Też przyszły rok. Tak jak mówiłem na debacie, jesteśmy przygotowani lokalowo, bo ta poradnia może się znajdować w stacji pogotowia ratunkowego. Potrzebna jest niewielka modernizacja, bo są tam pomieszczenia, które do godz. 16 stoją puste. To szybka inwestycja. Mamy chętnych lekarzy, kwestia zebrania tych chętnych i rejestracji poradni.
Centrum Sportu Młodzieżowego?
Ja sobie wyobrażam, że po uruchomieniu Radomskiego Centrum Sportu na Struga, przy ul. Narutowicza zwolnią się obiekty. Tam trzeba będzie przeprowadzić liczne inwestycje, wielomilionowe. Docelowo widzę tam nowoczesne obiekty, których po prostu radomskiej młodzieży brakuje. Centrum Sportu Młodzieżowego to nie będzie jeden obiekt. Chcemy wykorzystać też nieruchomość przy 11 listopada, tzw. dolne boiska Radomiaka. Można je pięknie zagospodarować. Wiadomo, najpierw musimy zakończyć budowę RCS, a potem weźmiemy się za te boiska, by służyły młodzieży.
Oddziały kliniczne szpitala przy ul. Tochtermana? Czas, w którym rocznik studentów medycyny, który musi wejść na praktyki do szpitali, zbliża się...

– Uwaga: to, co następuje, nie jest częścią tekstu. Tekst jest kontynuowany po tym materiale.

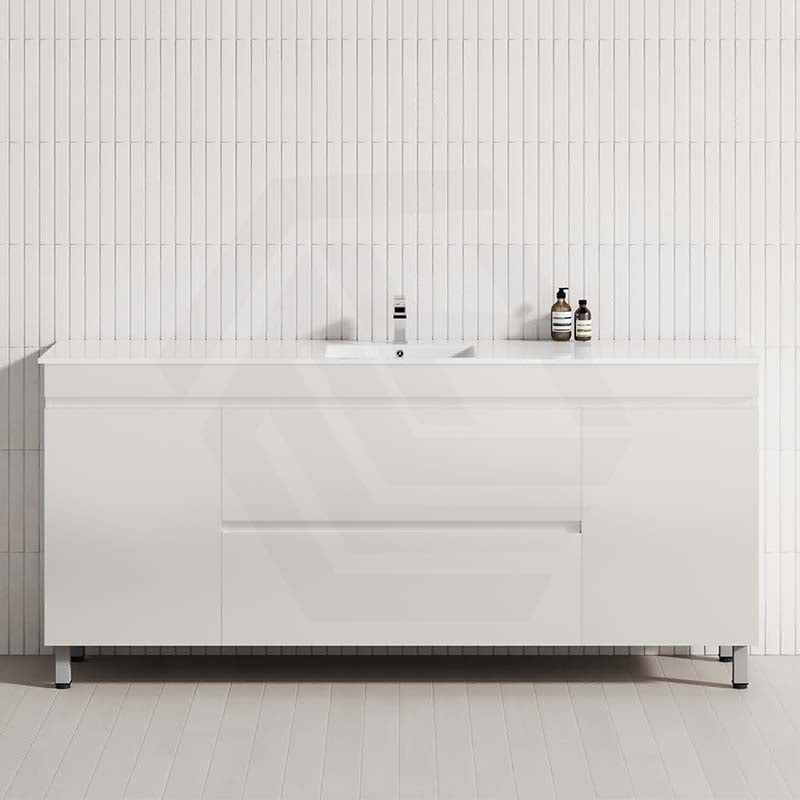 MCH 1800mm Gloss White Freestanding Leg Vanity with Single Bowl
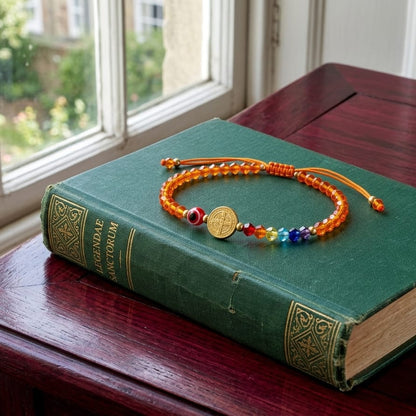 Pulsera de Protección Siete Chakras, Ojo Turco y Medalla de San Benito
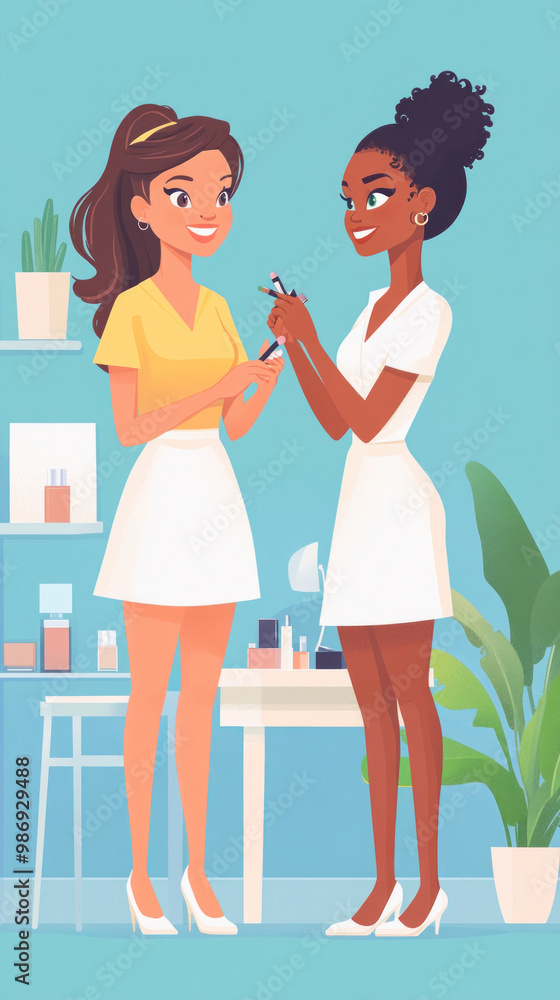 Beautician showing makeup products to customer in beauty shop Beautician showing makeup products to customer in beauty shop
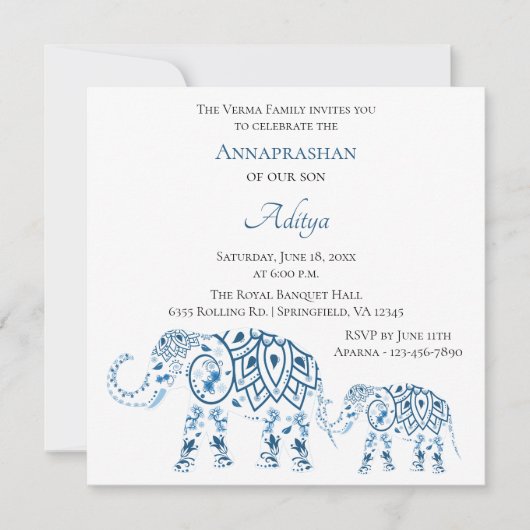 Blauer Elefant Annaprashan| Erster Reis Einladung (Vorderseite)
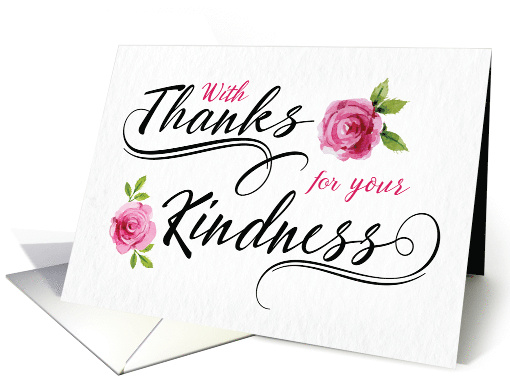 With Thanks for your Kindness with Watercolor Rose card (1688780)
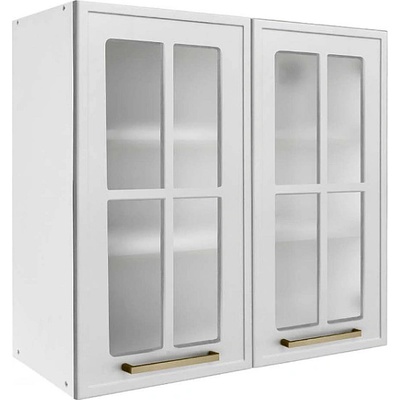 Matis Кухненски шкаф горен с две витрини alba v80/s бяло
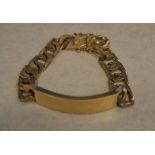 9ct gold identity bracelet, approx 46.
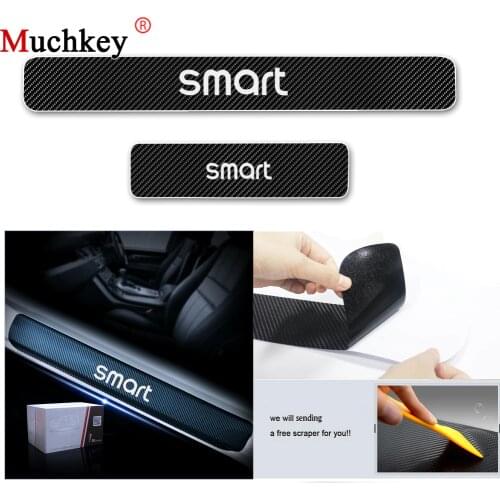 Welcome Pedal 4D Carbon Fiber Vinyl Stickers For Mercedes Benz Smart Door Threshold Plate Car Door Sill Scuff Plate 4Pcs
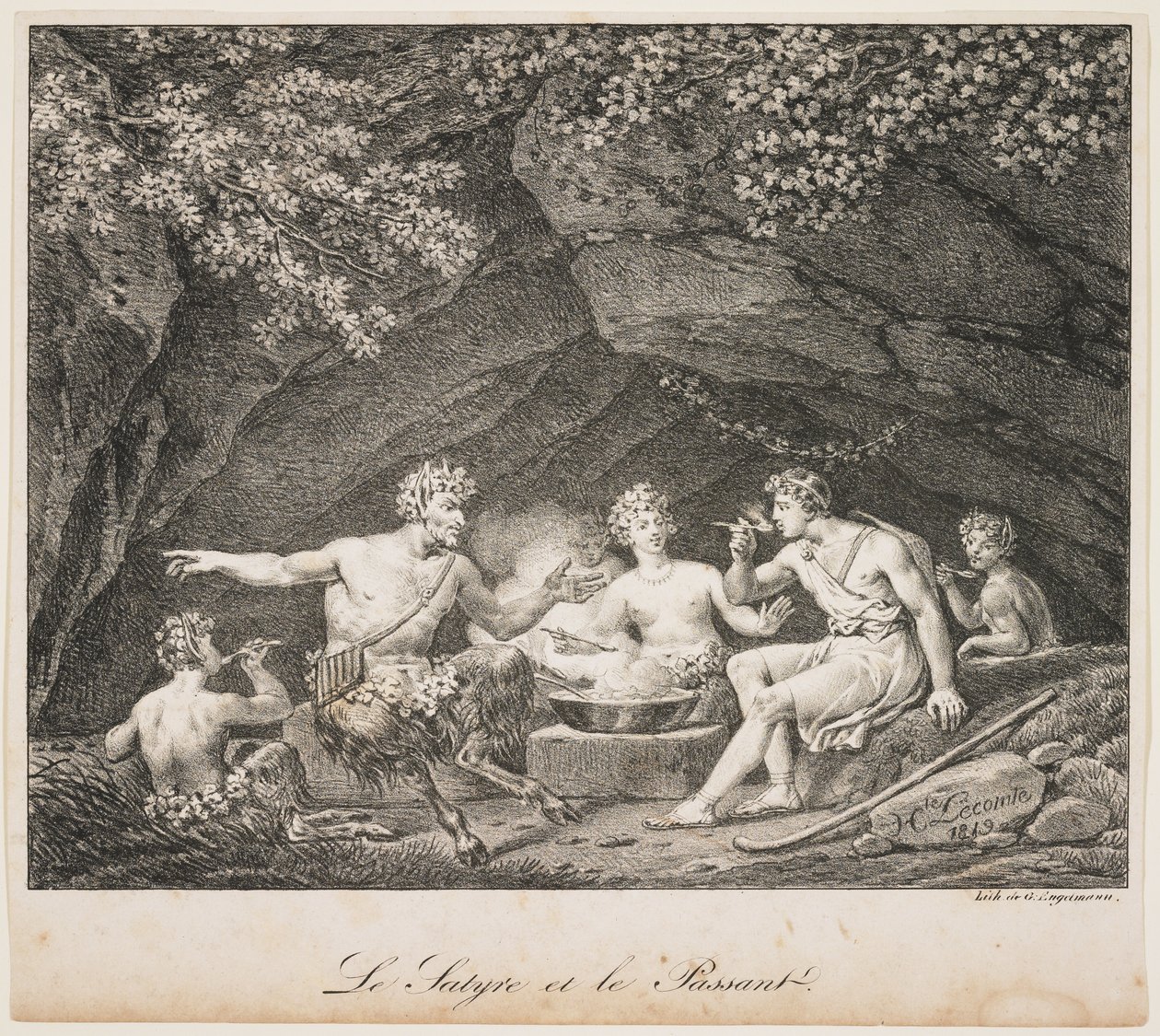 La Satyre et le passant, 1819 door Hippolyte Lecomte
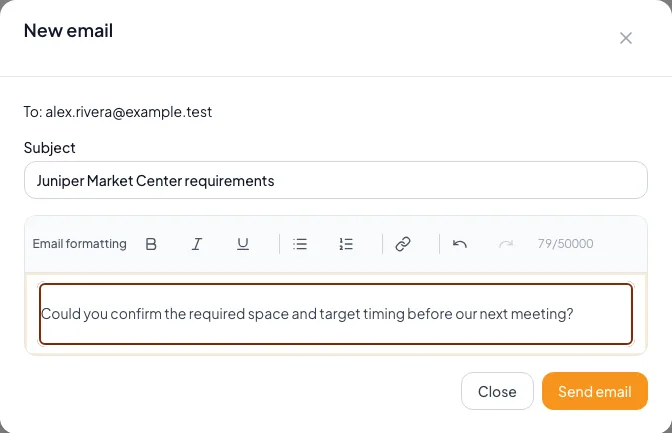 Native CRM email composer showing the contact recipient, subject, formatted message and Send email action.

Jesteśmy otwarci na współpracę z Uniwersytetem Techonologiczno-Humanistycznym, żeby inwestować w nasz radomski szpital. Jednak w tym procesie piłka jest po stronie rektora i UTH. Na jednym ze spotkań rady społecznej szpitala, pan rektor nie za bardzo był w stanie sprecyzować swoje potrzeby względem Radomskiego Szpitala Specjalistycznego. Podkreślam jednak jeszcze raz, jesteśmy otwarci na to, żeby wspólnie rozwijać kierunek lekarski w Radomiu.